OLBERMANN: Craig Crawford, great thanks as always for your insights. Despite the death and destruction that the administration has brought to the world, there is still, inexplicably, an odd air of cheerfulness in this corner of the world. To make sense out of it all, our cultural correspondent, Michael Musto, who is in Key West. Michael, a good evening to you. Is that champagne you're drinking?
MICHAEL MUSTO: Yeth it is, Keith.
OLBERMANN: There is no alcohol allowed here for the celebration tonight, so we are still drinking Kool-Aid. Yet despite the very real questions about individual rights, personal freedoms, and privacy that these restrictions invariably raise, the people here seem to be able to forget their misery and subjugation long enough to snatch a brief moment of happiness from their dour, underpaid lives.

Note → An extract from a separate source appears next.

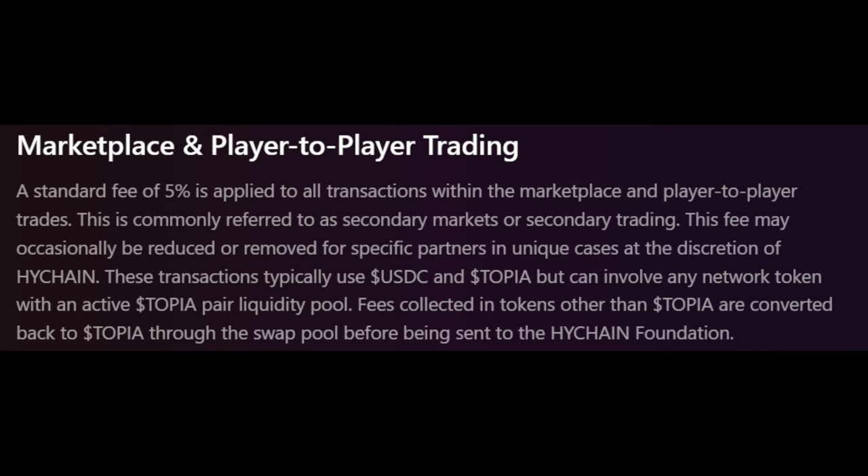For their marketplace and player trading, a standard fee of five percent is applied to all transactions within the marketplace and player-to-player trades — commonly referred to as secondary markets. This fee may occasionally be reduced or removed for specified partners at the discretion of High Chain. These transactions typically use USDC and Topia token, but can involve any network token with an active Topia pair liquidity pool. Fees collected in tokens other than Topia are converted back to Topia through the swap pool before being sent to the High Chain Foundation.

MUSTO: It has to be residual merriment left over from last week, Keith.
OLBERMANN: Thanks again, Michael. The mention of the yuletide season brings us to this year's Worst Person in the World. Our winner is--who else?--Bill O'Reilly, for his made-up nonsense about a war against December 25th. You're going to hell, Bill, and even the holiday infant can't save you. But now, as you can see, the big moment is fast approaching. That ball has started its way down to mark the beginning of 2006, so we will take you to a taped replay of the best oddball videos of the past decade. This is Keith Olbermann, good night and good luck.